For this first user we observe the following.
* the personal+cluster approach almost always does better, on average.
* the personal+cluster appraoch never does as poorly as either the universal+cluster, universal+personal
* the personal+cluster appraoch offers GREAT improvements over other approaches around 20-40 samples

In [10]:
plotScoresByUser(wisdm.user_ids[1])

For the second user, we oddly enough see that personal models and the personal+cluster model both outperform the personal+universal model regardless of the amount of personal data and by a great deal

In [11]:
plotScoresByUser(wisdm.user_ids[2])

Here, we see a different story again.  The personal+universal model not only does well on average, it's worst case scenario is occasionally better than those of the personal or personal+cluster models.

# Select users who get the most from each kind of model

In [16]:
def getModelAccuracyMean(user_id, ts):
    # each list element at index, i, represents that model improvement over the best other model with training size[k]
    user_df = results_df[(results_df['test user'] == user_id) & \
                         (results_df['personal training data'] == ts)]
    personal_score_mean = user_df['personal score Mean'].mean()
    impersonal_score_mean = user_df['impersonal score Mean'].mean()
    personal_plus_impersonal_mean = user_df['personal + impersonal score Mean'].mean()
    personal_plus_cluster_mean = user_df['personal + cluster score Mean'].mean()

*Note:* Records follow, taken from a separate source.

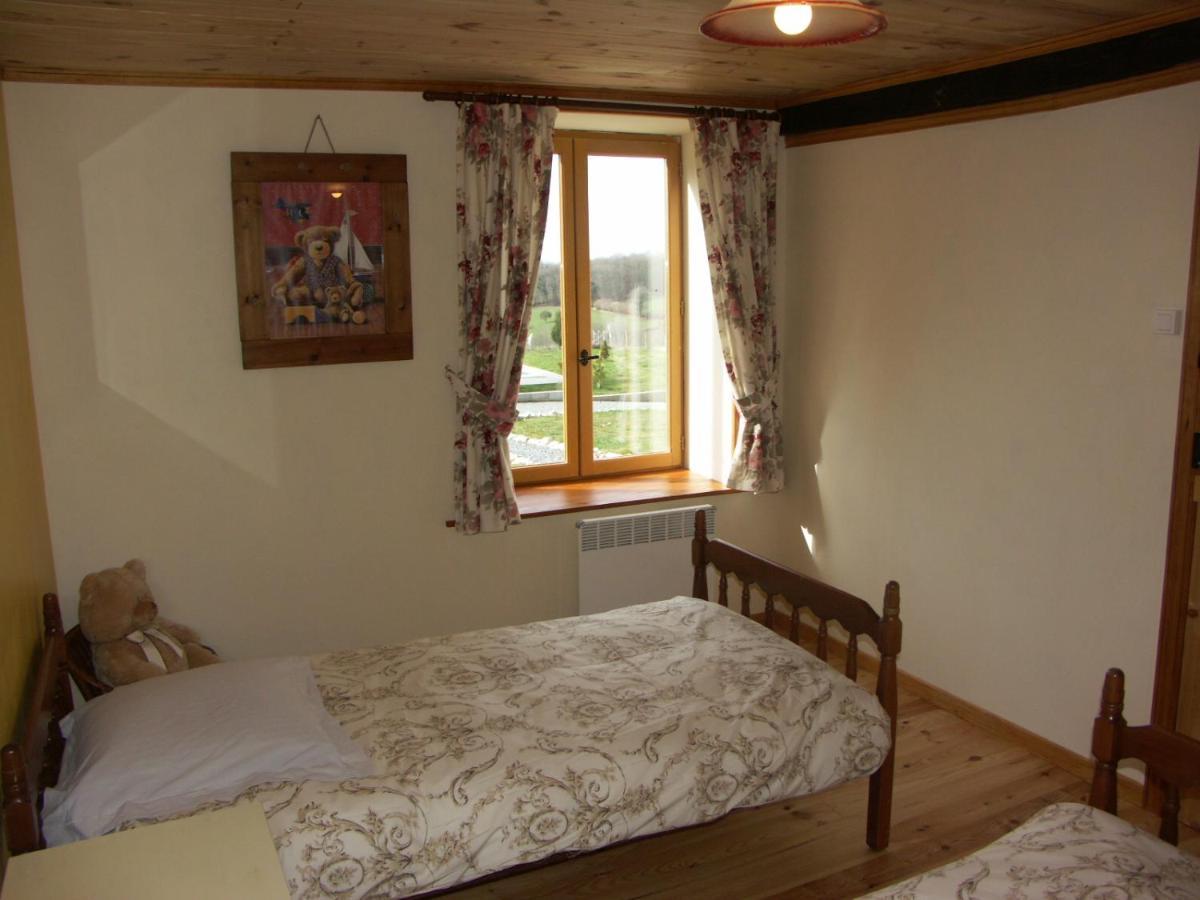 Chalet De Rose Moutier-Malcard Bagian luar foto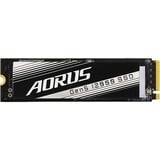 GIGABYTE AORUS Gen5 12000 SSD 2TB schwarz, PCIe 5.0 x4, NVMe 2.0, M.2 2280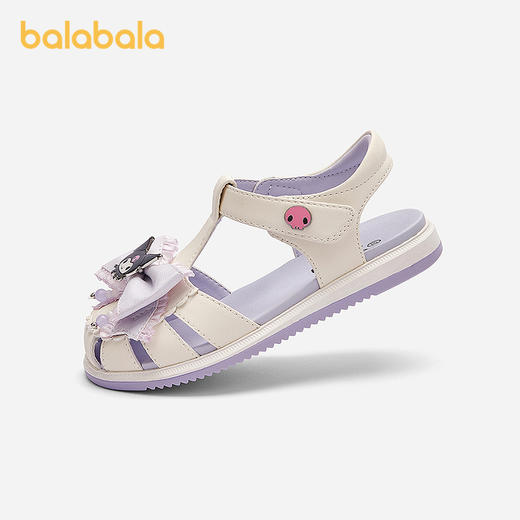 【库洛米IP商场同款】巴拉巴拉儿童休闲鞋女童2026夏新款时尚凉鞋 商品图0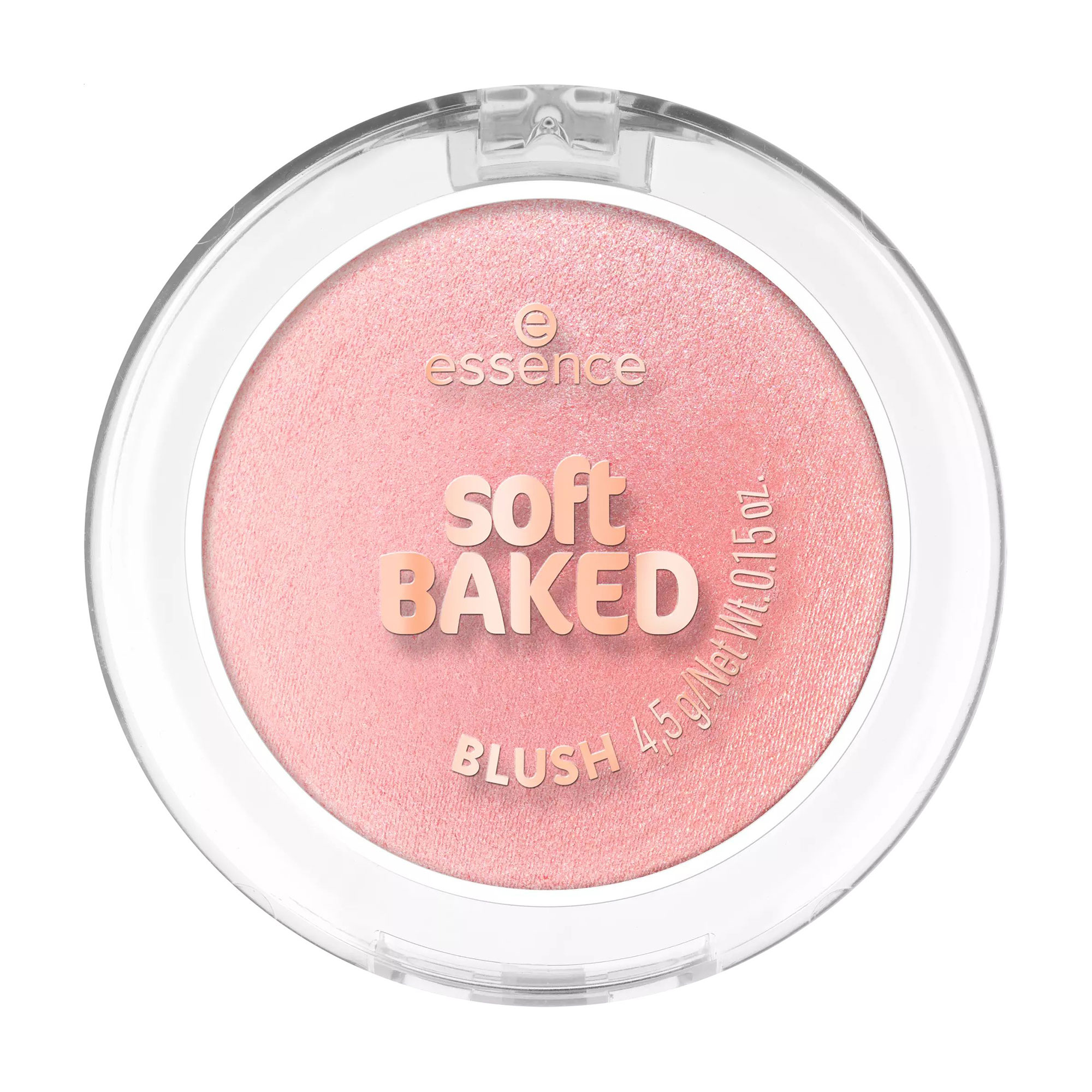 

Рум'яна для обличчя Essence Soft Baked Blush, 10 Soft Bloom, 4.5 г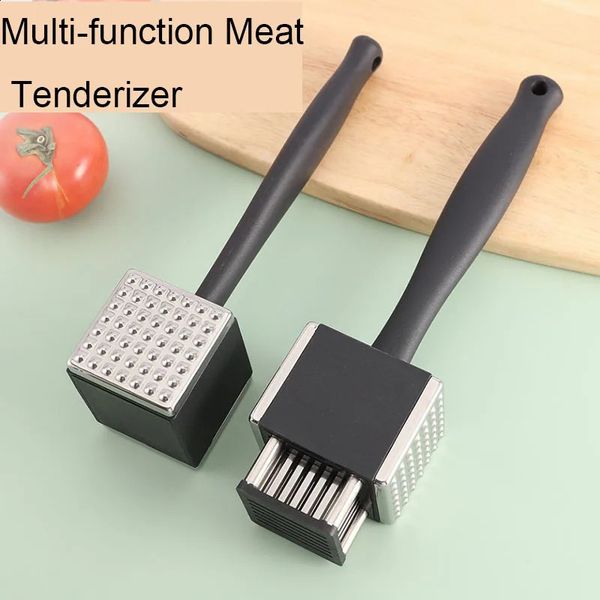 Beef Meat Tenderizer With Stainless Steel Sharp Needle 2 In 1 Meat Hammer Mallet For Tenderizing Steak Beef BBQ Kitchen Tools 250113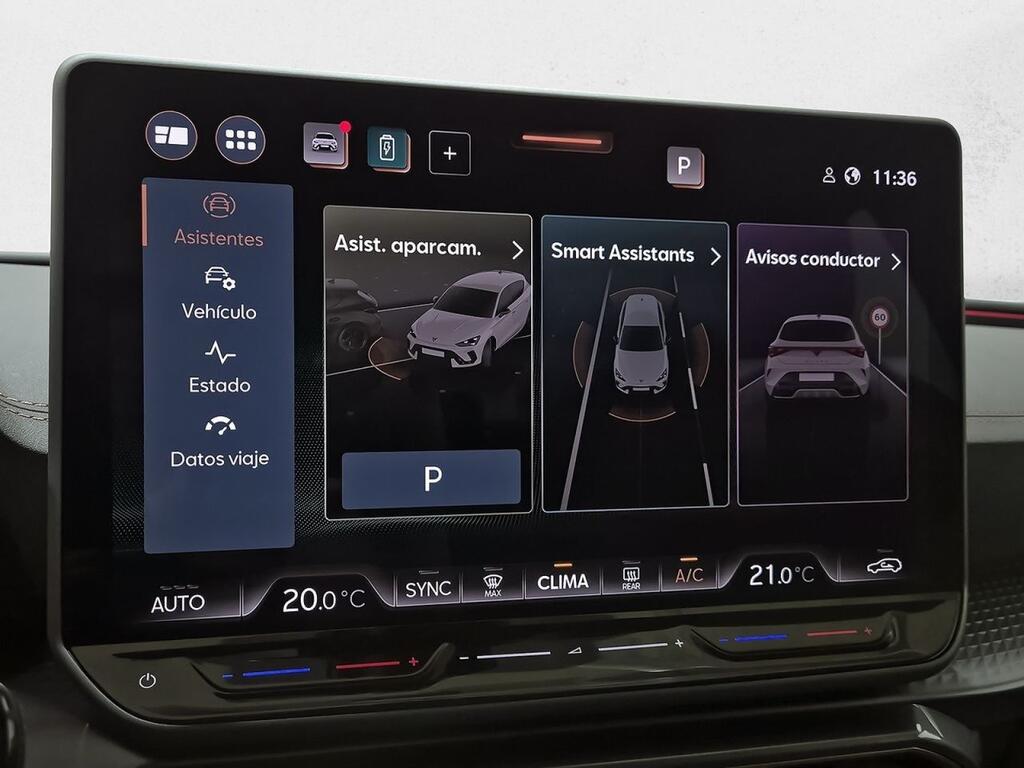 CUPRA León 1.5 TSI e-Hybrid 150W (204CV) DSG Segunda mano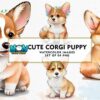 cute-corgi-puppy-watercolor-sublimation
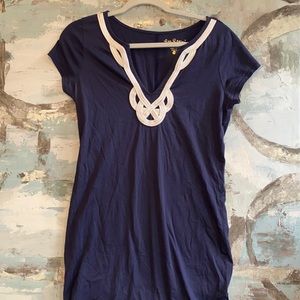 Lily Pulitzer Navy Mini dress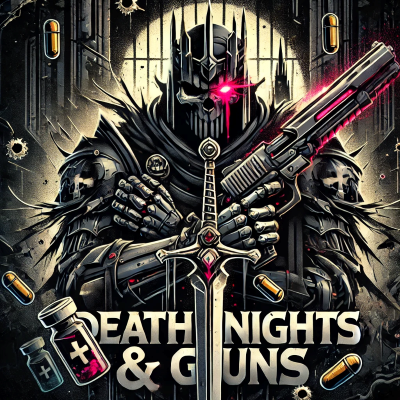 Death Knights and Guns logo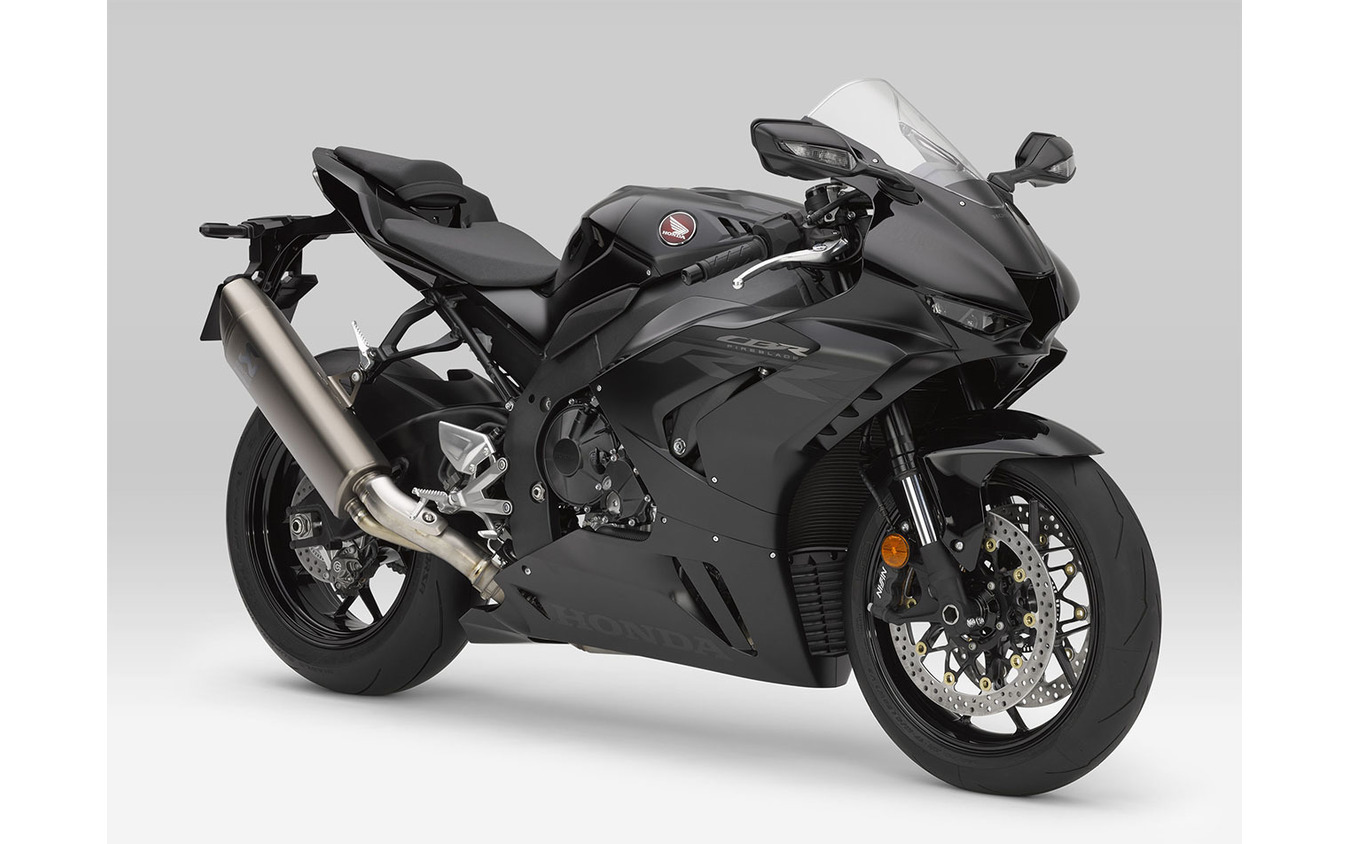 ホンダ CBR1000RR-Rファイアブレード(マットパールモリオンブラック)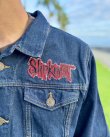 画像4: 送料無料 SLIPKNOT / Tribal Logo デニムジャケット (4)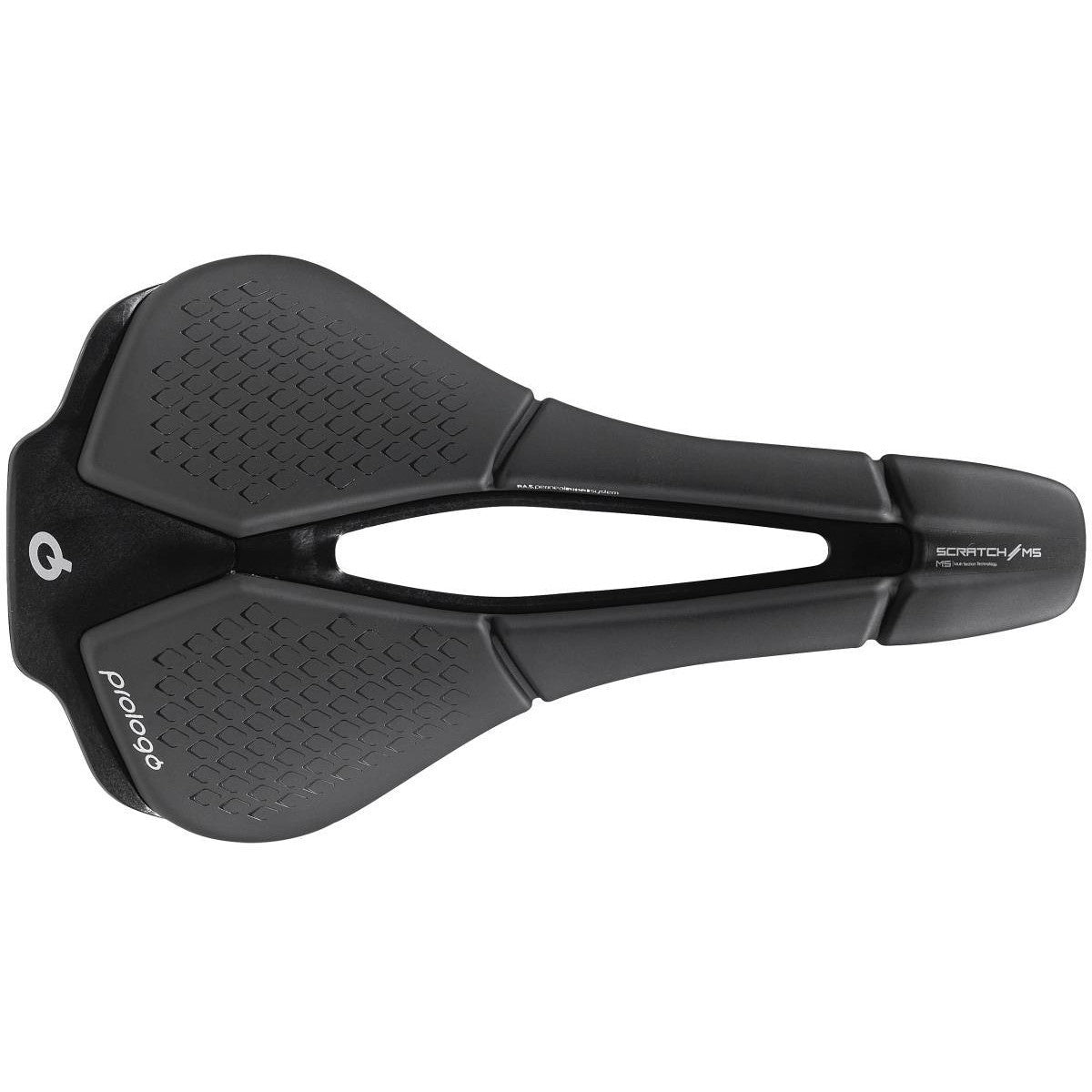 Saddle PROLOGO SCRATCH M5 PAS Nack Rails Black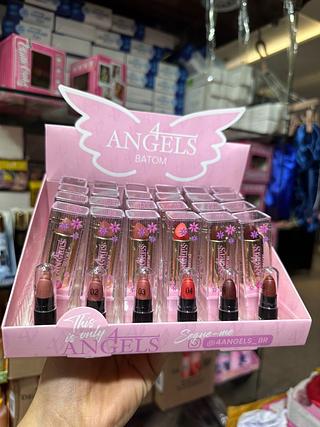 Batom angels (Box c/24) cores que estiverem disponíveis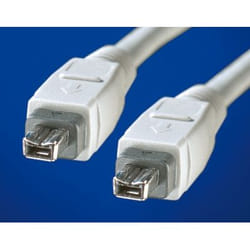 VALUE IEEE 1394 4/4pin 1.8m 1,8 m 4-p Grigio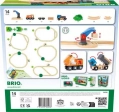Circuit de train en bois - BRIO World Circuit de démarrage Transport de Fret - Pack A
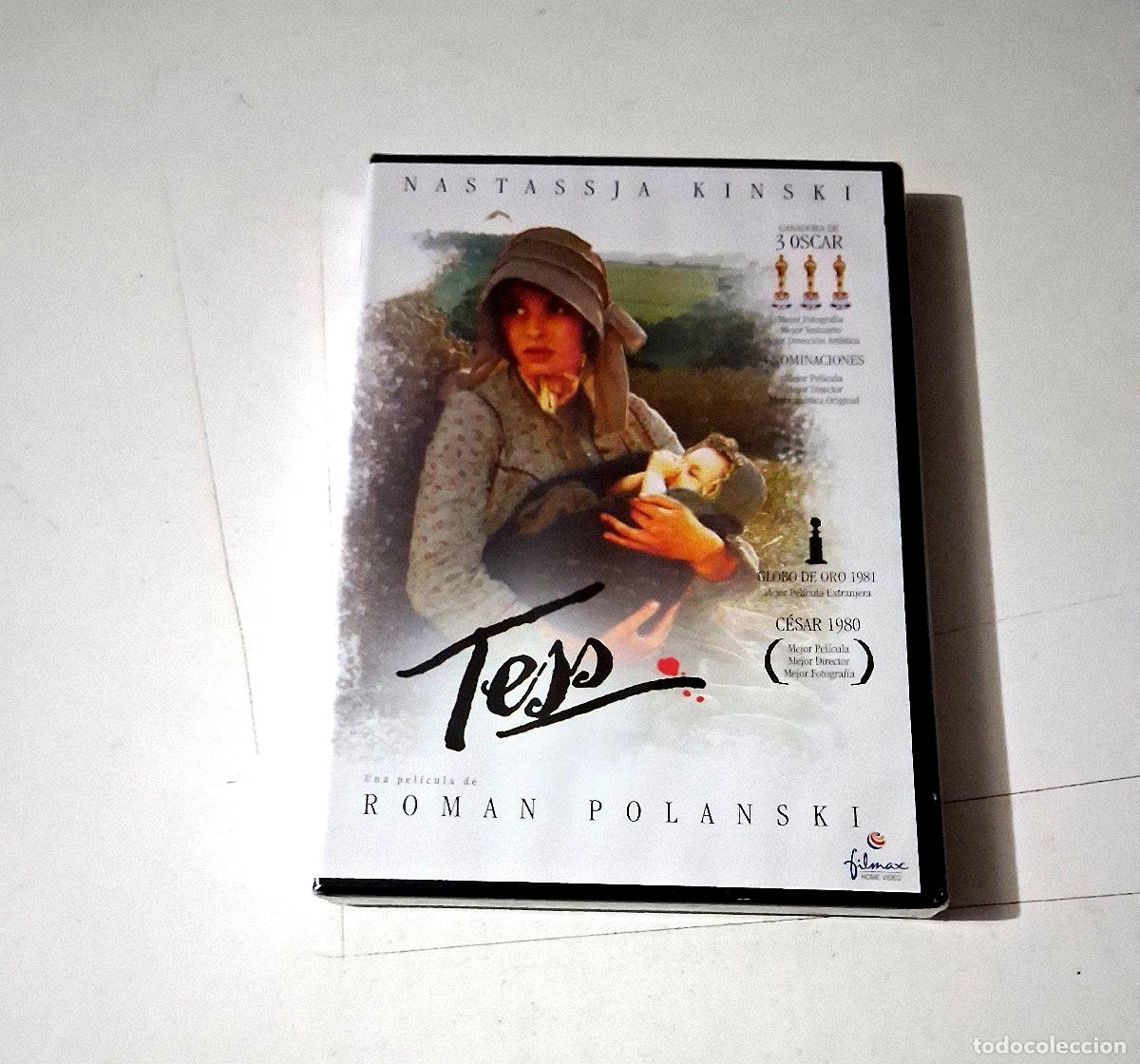 Cine: DVD &rdquo;TESS&rdquo; PRECINTADO SEALED ROMAN POLANSKI SASTASSJA KINSKI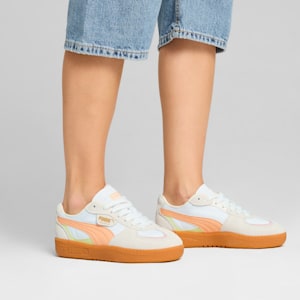 ユニセックス パレルモ モーダ スニーカー, PUMA White-Peach Fizz, extralarge-JPN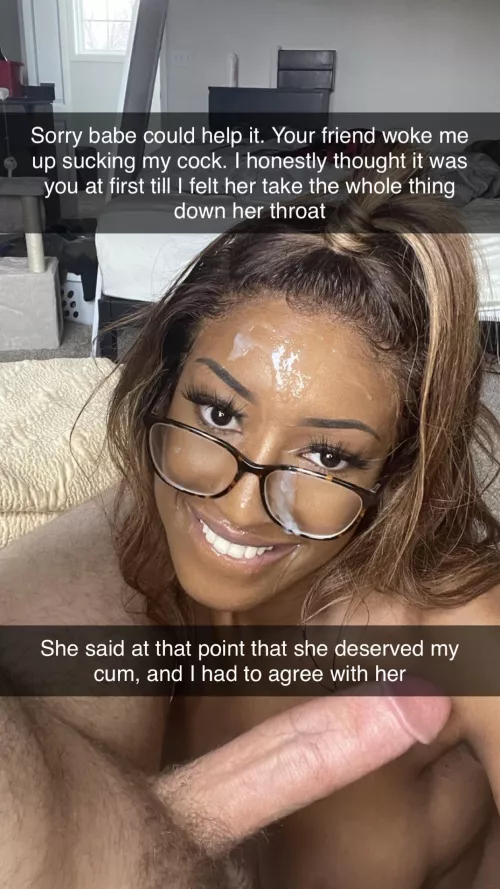 Sorry babe but your best friend is so hot by Critical-pics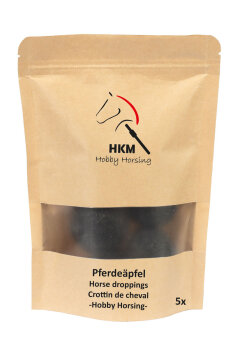 HKM Pferdeäpfel HOBBY HORSING braun/schwarz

    #print("personal : %s" % personal_score_mean)
    #print("impersonal : %s" % impersonal_score_mean)
    #print("personal + impersonal : %s" % personal_plus_impersonal_mean)
    #print("personal + cluster : %s" % personal_plus_cluster_mean)
    mean_scores = {"personal" : personal_score_mean,
                   "impersonal" : impersonal_score_mean,
                   "personal + impersonal" : personal_plus_impersonal_mean,
                   "personal + cluster" : personal_plus_cluster_mean}
    return mean_scores

In [40]:
model_means_columns = ['user id', 'personal', 'impersonal', 'personal + impersonal', 'personal + cluster']
model_means = []

for user_id in wisdm.user_ids:
    if user_id not in bad_user_ids:
        mean_scores = getModelAccuracyMean(user_id, 10)
        mean_scores['user id'] = user_id
        model_means.append(mean_scores)
    
scores_df = pd.DataFrame(model_means, columns=model_means_columns)

In [41]:
scores_df.describe()

Unnamed: 0,personal,impersonal,personal + impersonal,personal + cluster
count,35.0,35.0,35.0,35.0
mean,0.892521,0.550193,0.999973,0.938451
std,0.113564,0.333881,0.000161,0.082904
min,0.519071,0.033333,0.999048,0.669349
25%,0.825247,0.250692,1.0,0.908635
50%,0.902373,0.543654,1.0,0.979248
75%,1.0,0.845933,1.0,1.0
max,1.0,1.0,1.0,1.0


In [42]:
users_benefit_from_personal = []
users_benefit_from_impersonal = []
users_benefit_from_personal_plus_impersonal = []
users_benefit_from_personal_plus_cluster = []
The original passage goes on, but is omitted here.